CMAI student to join the Alan Turing Institute in 2025-2026

Tue, 29 Jul 2025 23:00:00 +0100

CMAI PhD student Aditya Bhattacharjee has been awarded an enrichment placement by the Alan Turing Institute, the UK's national institute in artificial intelligence and data science, enabling him to join and interact with institute researchers and its community in the 2025/26 academic year. Aditya is supervised by Dr Emmanouil Benetos and will be entering the final year of his PhD study. Aditya's placement will be hosted by the Turing's Fundamental research in data science and AI research programme. Congratulations to Aditya!

CMAI at IJCNN 2025 conference

Fri, 13 Jun 2025 23:00:00 +0100

On 30 June - 5 July 2025, CMAI researchers will participate at the IEEE International Joint Conference on Neural Networks (IJCNN 2025), the flagship conference of the IEEE Computational Intelligence Society and the International Neural Network Society. The Centre for Multimodal AI will have a strong presence at the conference. The following papers authored/co-authored by CMAI members will be presented at IJCNN 2025: VLLMs Provide Better Context for Emotion Understanding Through Common Sense Reasoning, by Alexandros Xenos, Niki Foteinopoulou, Ioanna Ntinou, Ioannis Patras, Georgios Tzimiropoulos ImprovNet - Generating Controllable Musical Improvisations with Iterative Corruption Refinement, by Keshav Bhandari, Sungkyun Chang, Tongyu Lu, Fareza Rahman Enus, Louis Bradshaw, Dorien Herremans, Simon Colton Mamba-Diffusion Model with Learnable Wavelet for Controllable Symbolic Music Generation, by Jincheng Zhang, George Fazekas, Charalampos Saitis Towards a Unified Representation Evaluation Framework Beyond Downstream Tasks, by Christos Plachouras, Julien Guinot, George Fazekas, Elio Quinton, Emmanouil Benetos, Johan Pauwels The following presentation from CMAI members will also be made at IJCNN 2025: Split Fine-Tuning of BERT-based Music Models in the Edge-Cloud Continuum: An Empirical Analysis, by Bradley Aldous, Wai Fong Tam, Ahmed M. A. Sayed See you in Rome!

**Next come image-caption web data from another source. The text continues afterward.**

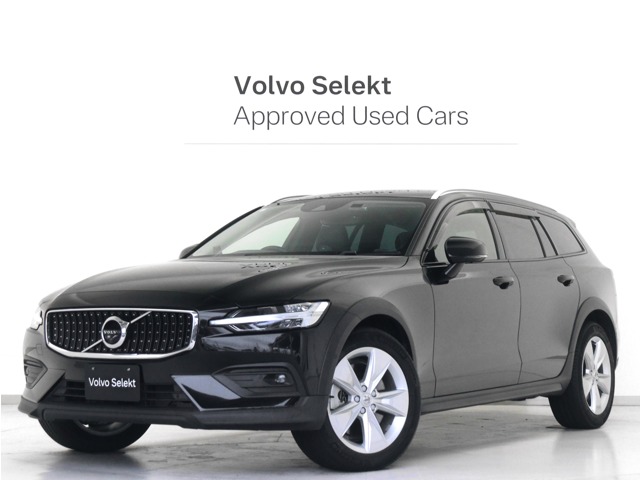2021 Volvo V60 Cross Country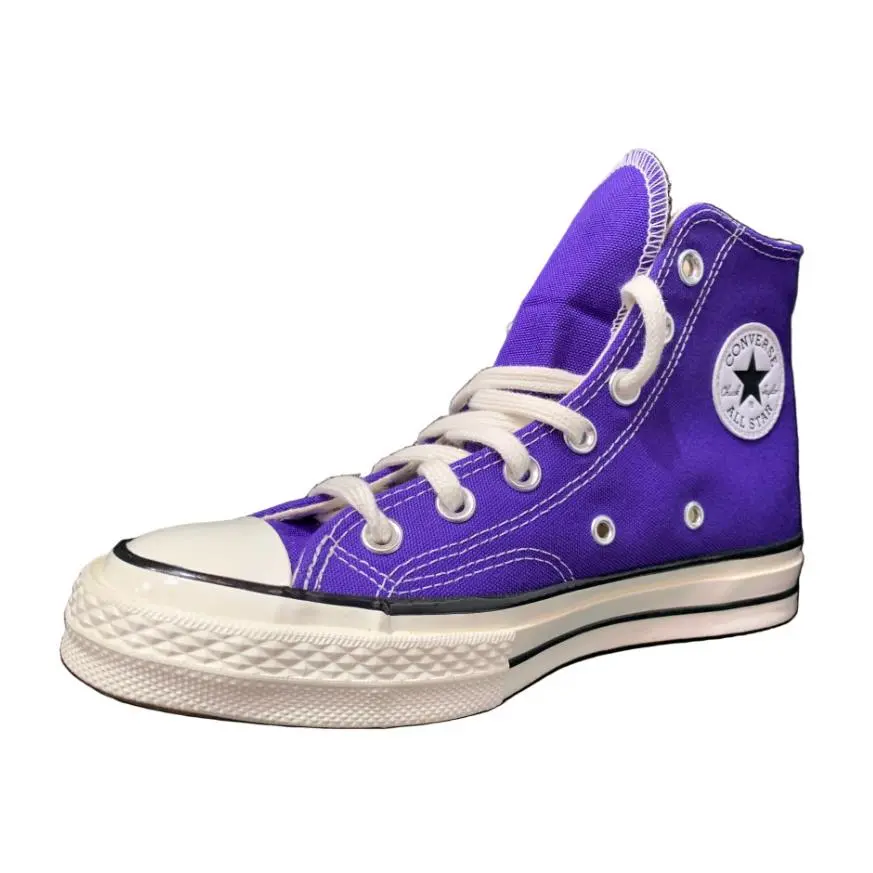 Converse shoes - Purple 14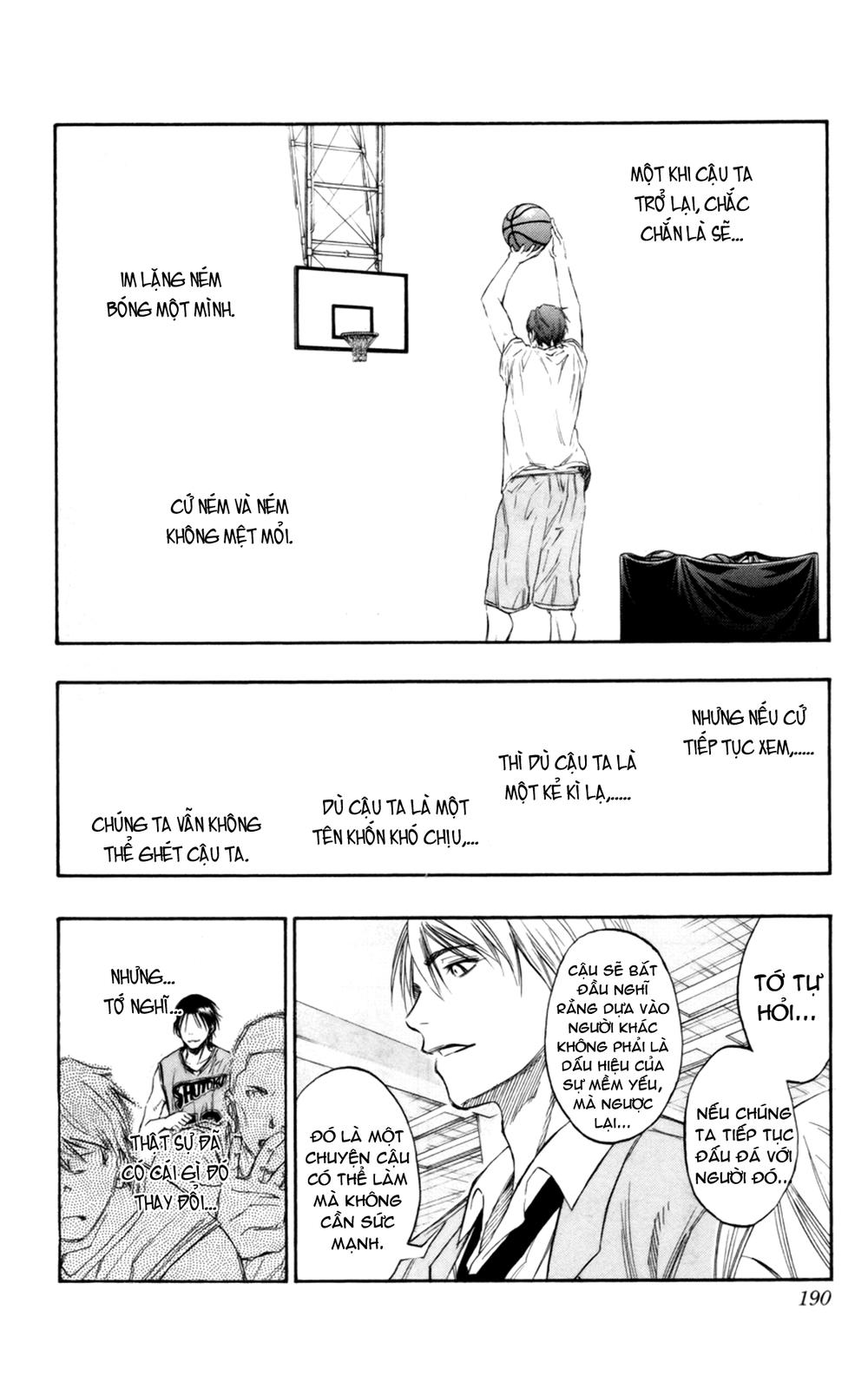 Kuroko No Basuke Chapter 89 - 16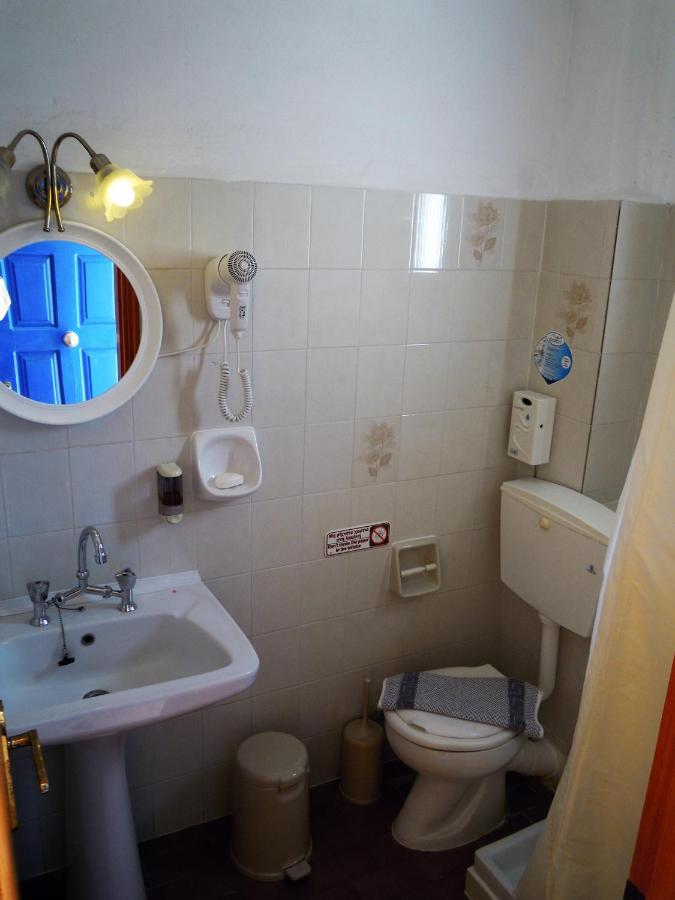 Cavo D'Oro Hotel Batsi  Bagian luar foto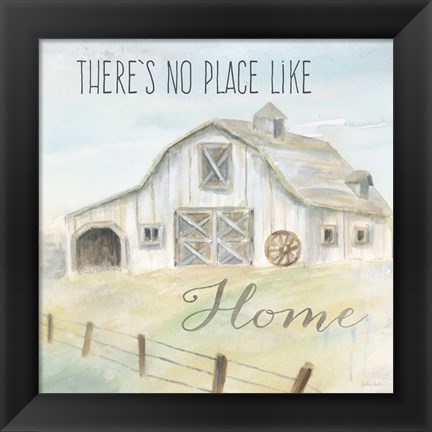 Framed Farmhouse Sentiment Print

CMAI best paper award at EvoMUSART 2025

Sun, 11 May 2025 23:00:00 +0100

The 14th International Conference on Artificial Intelligence in Music, Sound, Art and Design (EvoMUSART), part of Evostar, took place in Trieste, Italy, between 23 and 25 April 2025. We are pleased to announce that the following paper, authored by CMAI PhD student Keshav Bhandari, received the best paper award! Yin-Yang: Developing Motifs With Long-Term Structure And Controllability, Keshav Bhandari, Geraint A. Wiggins, Simon Colton Yin-Yang is a neuro-symbolic framework that combines three transformer models to generate structured melodies with coherent long-term development, while allowing user control over musical themes and variations.